How many times have I said this over the course of my life? Far too many to count. It’s my very most favorite fact about us. It’s a source of absolute delight to me. We’re the only animal that has been observed to tell stories. It begs a question in response to my last post re: what, if anything, makes humans unique from other animals:
Why didn’t I list storytelling as the characteristic that makes us unique?
Why did I end up with something as depressing as “we’re the only animals who sometimes hate ourselves?”
Storytelling is built into the most basic functioning of our brains. It’s how memory works. It’s how we make sense of the world. For something so deeply embedded in us, it can’t be something entirely unique to us—it must be based on antecedent mental abilities in the animal world.
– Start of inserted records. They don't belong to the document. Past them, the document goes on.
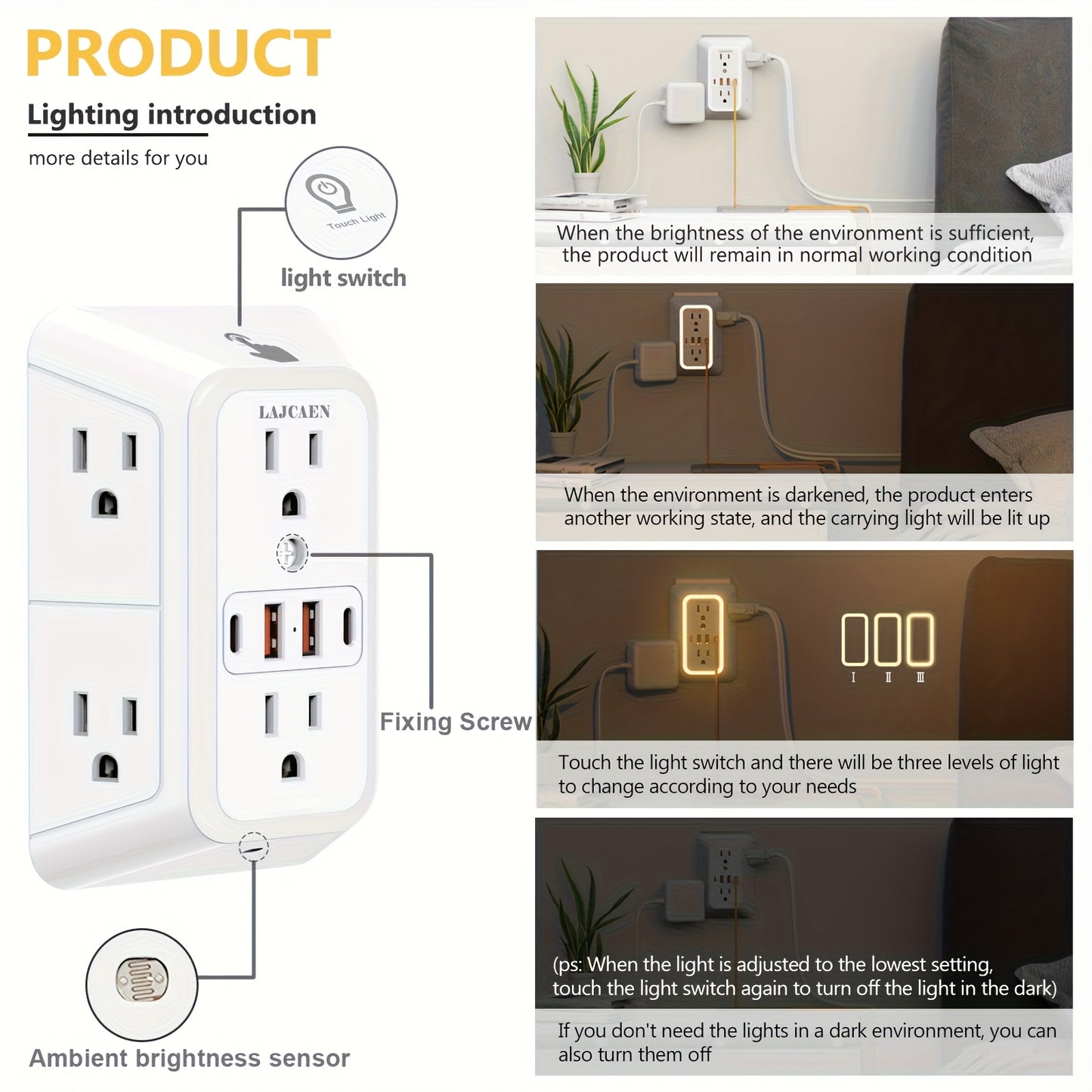 10-in-1 USB Wall Charger Surge Protector with Night Light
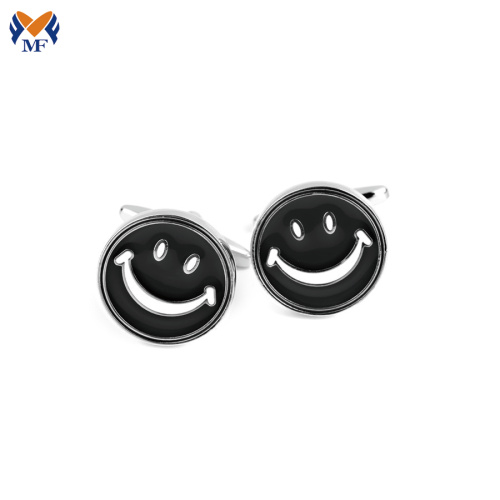 Metal new smile face cufflink back enamel black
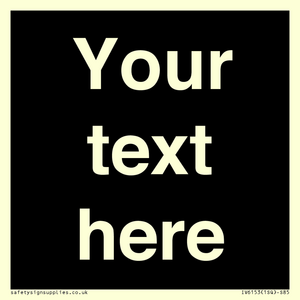 IV6153: Custom blank information sign. Plain text, black background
So, as with so many things, storytelling is a unique expression but not unique in its essential nature.
In their book, The Knowledge Illusion: Why We Never Think Alone, Philip Fernbach and Steven Sloman present essentially the same argument: storytelling is an expression of causal reasoning—what I refer to as the awareness of cause and effect. Stories allow us to take our understanding of cause and effect and explore how the world might change given different actions. It’s a method of prediction. Causal reasoning is common throughout the animal kingdom. Storytelling may be unique to human beings but it’s based on a form of common animal intelligence.
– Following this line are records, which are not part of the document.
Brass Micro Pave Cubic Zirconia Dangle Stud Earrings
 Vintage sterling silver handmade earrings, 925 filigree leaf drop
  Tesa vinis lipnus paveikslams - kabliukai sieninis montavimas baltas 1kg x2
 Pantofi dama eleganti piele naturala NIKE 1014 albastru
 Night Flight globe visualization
Likewise, Fernbach and Sloman argue that humans are the only animals who show an ability to discern causes from observed effects. Many animals can connect causes to effects but we’re the only ones who can reason the other way around: when we witness an effect, we can figure out what probably caused it. (Corvids may be able to do this, too, but we can’t be sure enough to take a position on the matter.)
I would argue this ability to reason effect-to-cause is more essential to our storytelling capacity than the widely common cause-to-effect reasoning. Storytelling and effect-to-cause reasoning both express our ability to speculate.
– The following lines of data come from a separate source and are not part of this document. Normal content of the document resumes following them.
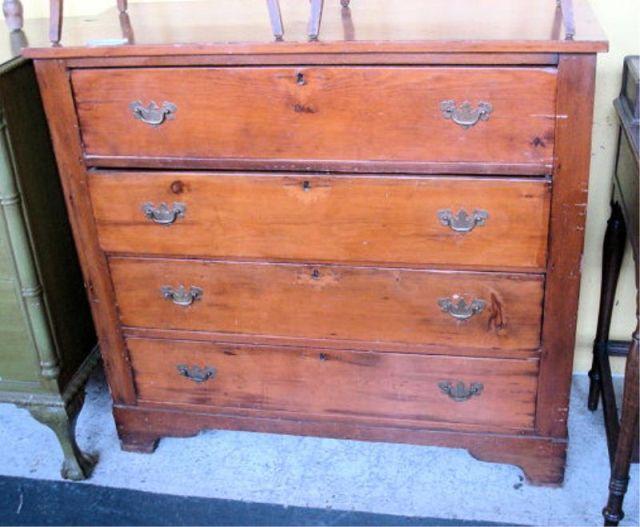 19th Cent Pine 4 Drawer Chest.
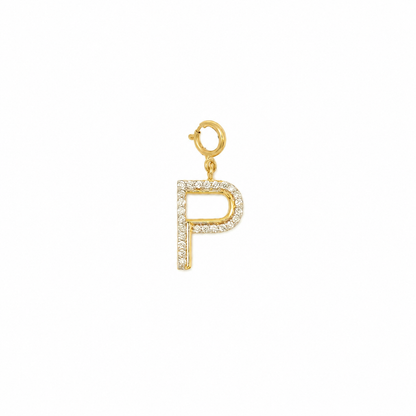 14K Gold Diamond Letter Charm — P01151,P01152,P01159,P01165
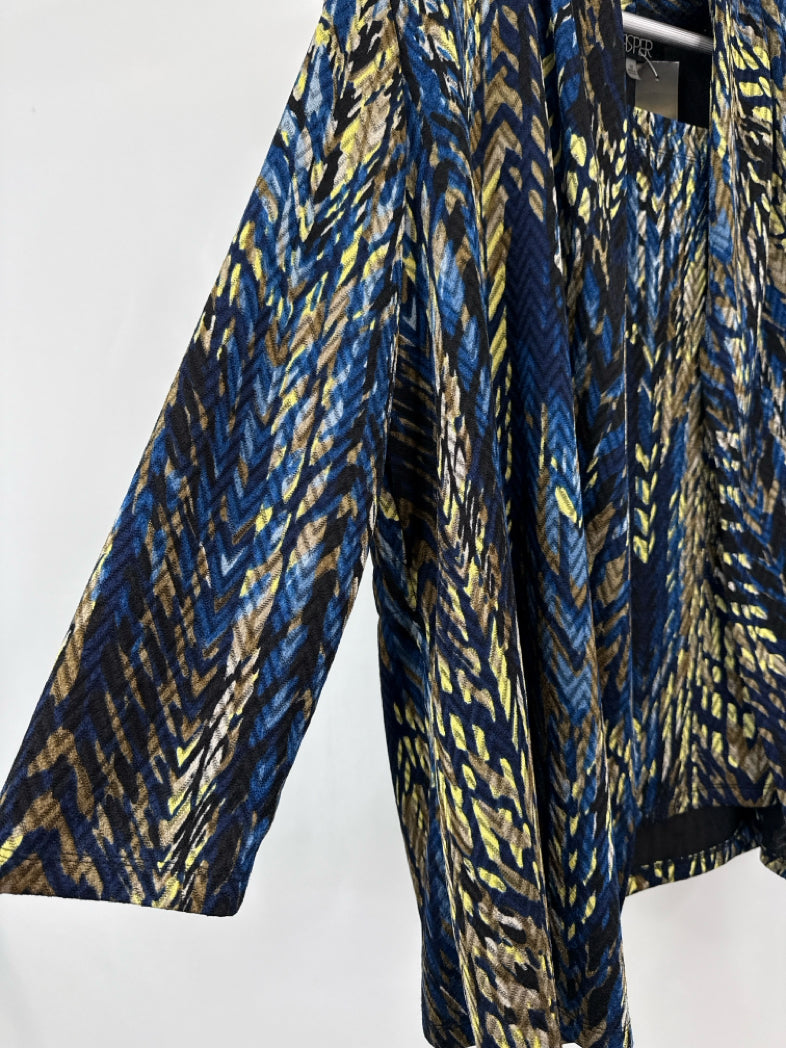 KASPER Size 1X Navy and yellow Women 2-piece Set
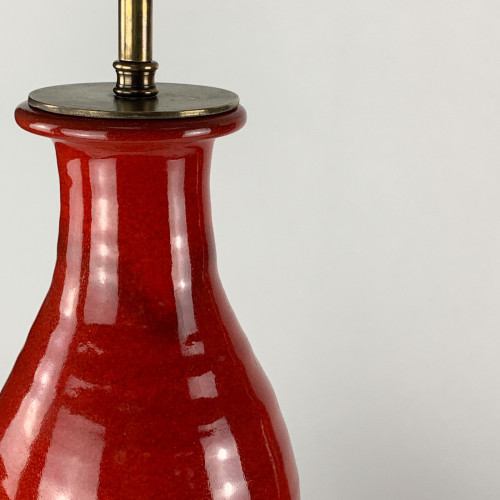 Tall Red Lamps On Antique Brass Bases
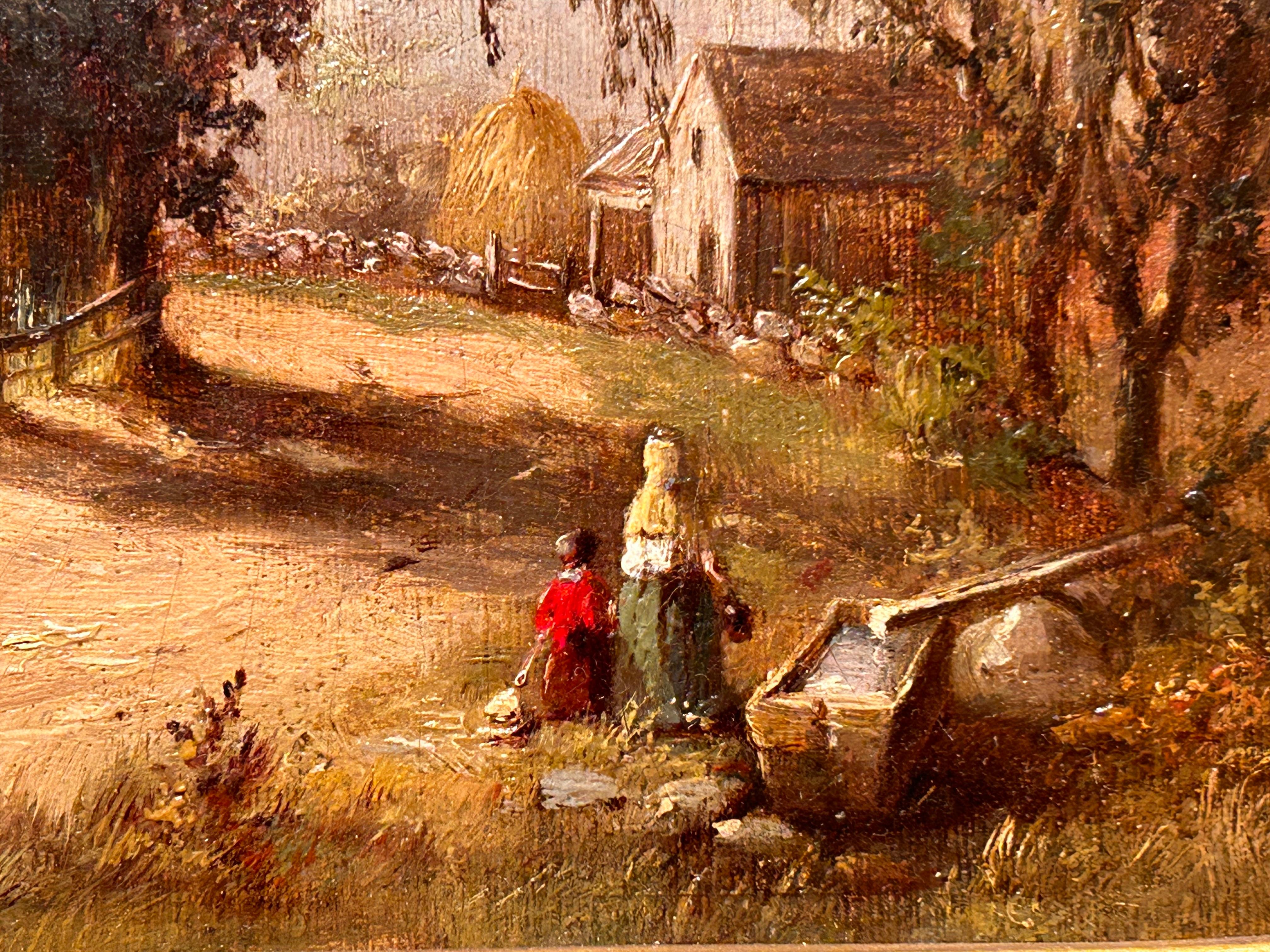 Paisaje al óleo de campo caminando hacia la bomba de agua - Landscape Painting Marrón de Albert Fitch Bellows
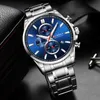 Часы Mens Curren с дата хронографа Top Brand Big Sport Quartz часы мужские синие полные стальные мужские часы Relogio Masculino 210517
But if I’m going to argue that storytelling isn’t unique enough to render us truly unique from other animals because it’s an expression of a general animal intelligence, then our ability to reason effect-to-cause can’t be what makes us unique, either, for the same reason: same essential intelligence, different scale and expression.
This leaves one other possibility pointed out in The Knowledge Illusion: human beings are the only animals who demonstrate an ability to share intentionality. (Read the book for a full explanation of what that means.) Shared intentionality is the most likely key that unlocked our tremendous success as a species.
As with any such claims of uniqueness, it’s entirely possible we’ll observe shared intentionality in some other species at some point. But for now, it does seem to be a truly unique ability. And it’s a much more optimistic conclusion than the one I originally offered.
Shared intent and self-vilification.
It’s appropriate, I suppose—we’re both the most successful and the most destructive species that has ever existed that we know of. Of course our uniqueness would be equal parts good and bad.